Halftime provides a natural break in the action to reflect, assess, adjust and re-engage.
By MARK RIFFEY for the Flathead Beacon
If you look back at recent comeback victories in sports, you have to wonder about the halftime advice those teams received. In Super Bowl 51, the Patriots were down 21-3, and came back to win. The second half performance of both teams looked nothing like their performance in the first half. What did it take in the locker room to get the Patriots to turn that around? What was said in the Falcons locker room? After weeks of preparation, what can be said and done in 20 minutes that can radically turn around the performance of a team of professionals to such a degree that they overwhelm another team of professionals?
Halftime isn’t just about comebacks. It’s a chance to review and adjust, which we all should be doing after a positive or negative outcome to most business activities. For a football team ahead by a lot (as the Falcons were), what has to be said to prevent that sort of letdown? Teams come into halftimes needing to be reminded that they deserve to be there, that they can come back, that they are capable of doing what got them there, and that each individual is a piece of something bigger.
It’s no different in your business. The concept of a game’s halftime doesn’t necessarily align well with the events on the timeline of a company’s life, but that doesn’t matter. There are always turning points in projects, products, careers, marketing campaigns, etc. Projects and products both have natural “halftimes”. They look like points in time where it makes sense to stop, assess, adjust and re-engage.
Team and company are interchangeable concepts. Whether teams win or lose, the best ones get together afterward to review what happened, both positive and negative, and what can be learned. Military units review after action reports (AAR) for the same reason. They ask the question: “How can we improve upon what just happened?” regardless of whether it was good or bad.
Looking back to Lombardi
Every Vince Lombardi speech covers fundamentals. He knew he was dealing with professionals. Their performance occurs at a level most never reach. They see and understand parts of the game that amateurs and “mere TV viewers” cannot. For the very best, the game “slows down” as if everyone else moves in slow motion so they are able to arrive at a critical location on the field with perfect timing. Lombardi knew this, yet repeatedly returned to fundamentals.
Is there a lesson in that for your team? Do your best staffers remember and execute fundamental behaviors more frequently than everyone else?
What halftime advice do you give a team who had a great month?

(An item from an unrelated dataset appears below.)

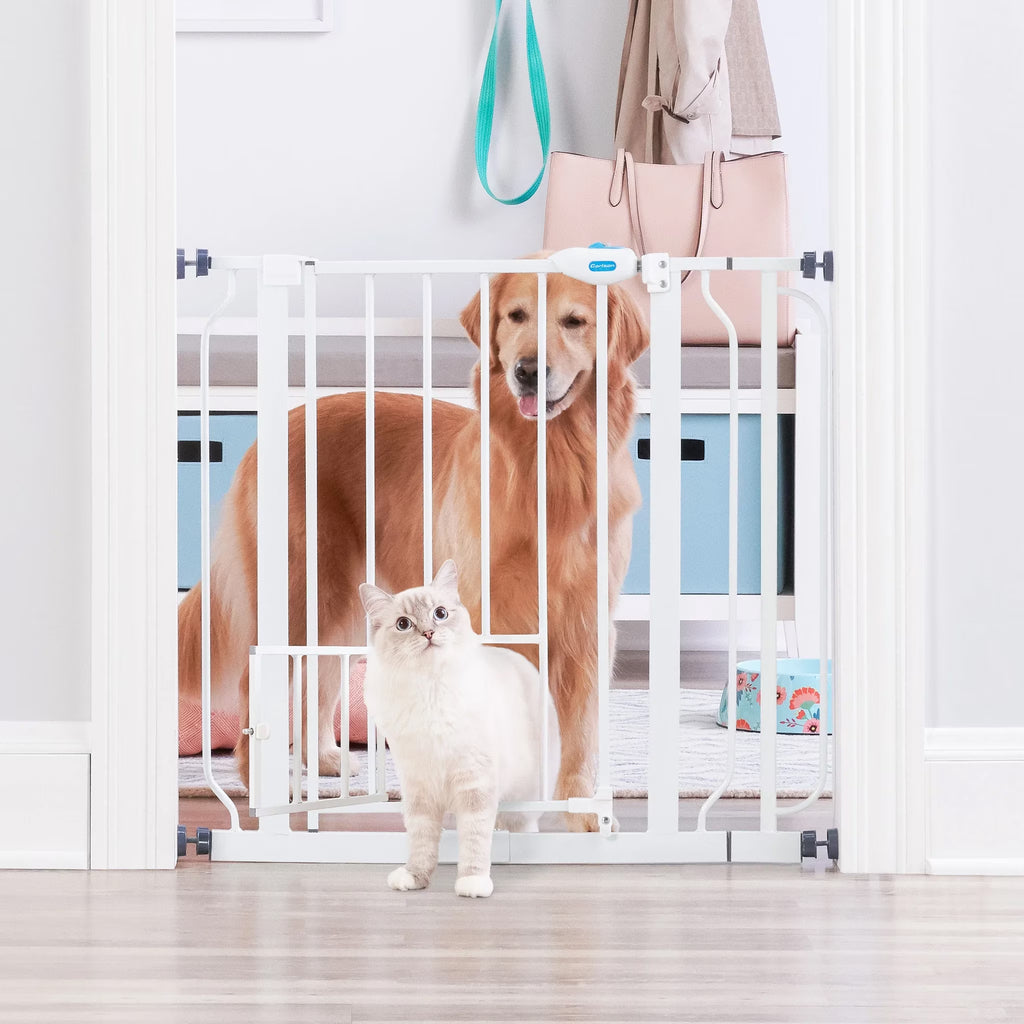 Metal Dog Gate with Walk-Through and Additional Small Door, 31" Tall, White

Your team had a great month. Now what?
What changed month-over-month that made last month so great? What performances stood out as the keys to making that happen? What short list of behaviors or tactics can be identified that were essential to the month’s outcome? What should be focused on so that your team can reproduce that performance? Who learned something that they leveraged into a successful outcome? Who stopped doing something and noticed an improvement as a result? What systemic changes can we implement to make this month’s success more easily reproducible?
What halftime advice do you give a team who had a bad month?
Your team had a terrible month. Now what?
What historically key success behaviors are still valid and were not achieved last month? What happened that threw us off our game? How do we correct those things? What systemic changes can be made to automatically prevent those problems from reoccurring? Who needs help meeting performance expectations? Who needs a mentor? Who needs coaching? What fundamental behaviors fell off last month and need to be improved? How can we remind each team member of fundamentals that we assume will be performed? What distracted us this month? Has everyone’s performance fallen off, or only certain groups?
Call a timeout
Halftime provides a natural break in the action to reflect, assess, adjust and re-engage. For a company, use them like a timeout. When things aren’t heading in the right direction, don’t wait. Call a timeout. Step in, discuss what’s going wrong (and well), share what you’ve learned, advise and re-engage. Are the staffers who are failing following the plan? Are the staffers who are succeeding following the plan? Is the plan failing?